Dale Baxter

Personal information
- Date of birth: 22 September 1961 (age 63)
- Place of birth: Luton, England
- Position(s): Goalkeeper

Senior career*
- Years: Team / Apps / (Gls)
- 1980–1981: Toronto Blizzard
- 1981: Washington Diplomats / 1 / (0)
- 1981: Detroit Express
- 1982–1983: Toronto Italia
- 1983: Mississauga Croatia
- 1985–1986: Toronto Italia

International career
- 1980: Canada U20 / 6 / (0)

= Dale Baxter =

Canadian soccer player

Dale Baxter (born 22 September 1961) is a former soccer player who played as a goalkeeper. Born in England, he represented Canada at youth level.

== Career ==
Baxter played in the North American Soccer League in 1980 with Toronto Blizzards indoor team. The following season he was traded to the Washington Diplomats, and made his debut on 9 May 1981 against Tampa Bay Rowdies. In 1981, he played in the American Soccer League with Detroit Express. In 1982, he played in the National Soccer League with Toronto Italia. He received a trial with Toronto Blizzard in 1983, but failed to secure a contract.

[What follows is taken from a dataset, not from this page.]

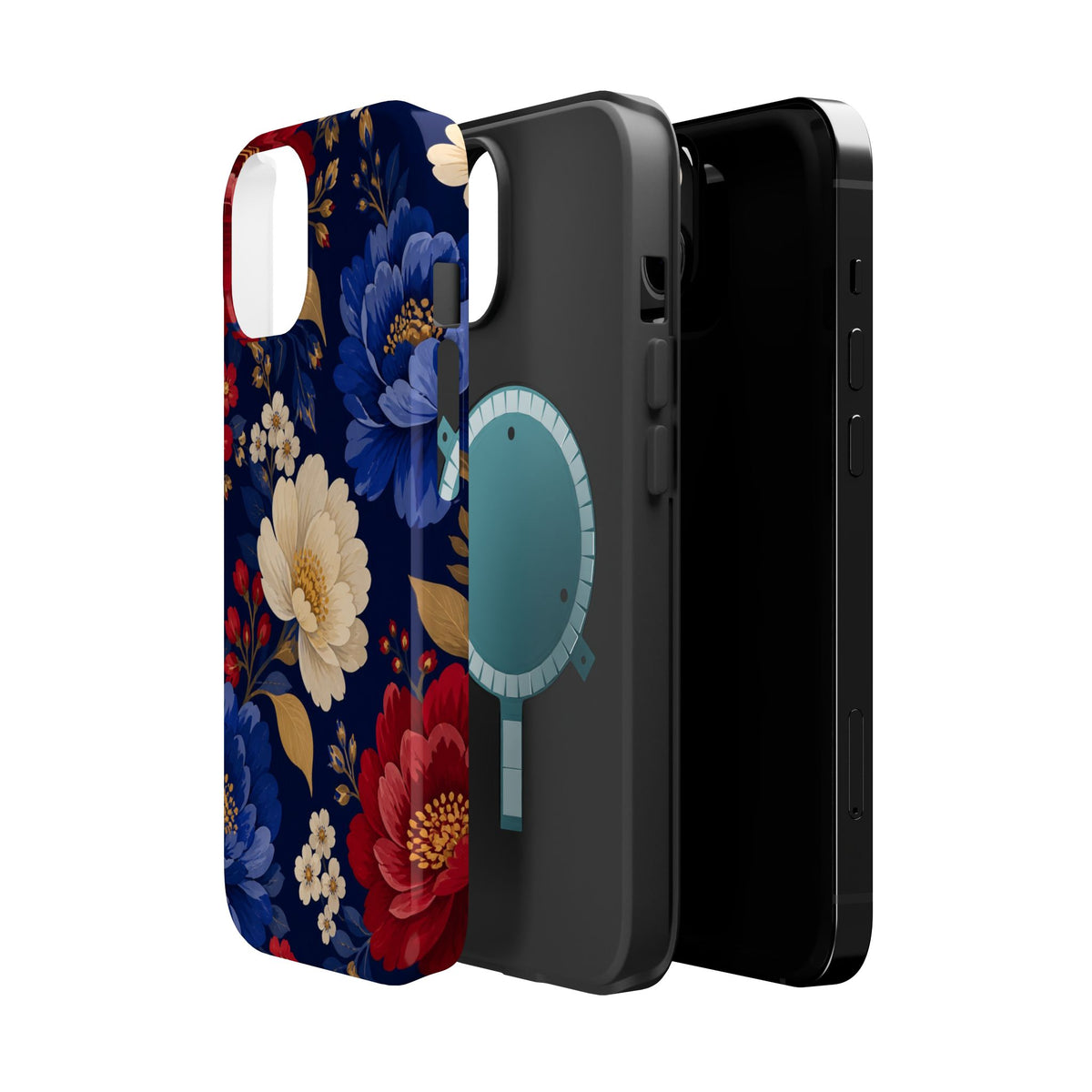Brooch Bouquet | Tough MagSafe Case — product image 44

In 1983, he played in the Canadian Professional Soccer League with Mississauga Croatia. The CPSL failed to complete their season and as a result folded which allowed for Baxter to play in the National Soccer League with former team Toronto Italia for the remainder of the season. In 1985, he assisted in securing the NSL Championship for Toronto Italia. The following season he assisted Toronto in defending their NSL Championship.

== International career ==
Baxter played with the Canada men's national under-20 soccer team, and featured in the 1980 CONCACAF U-20 Tournament.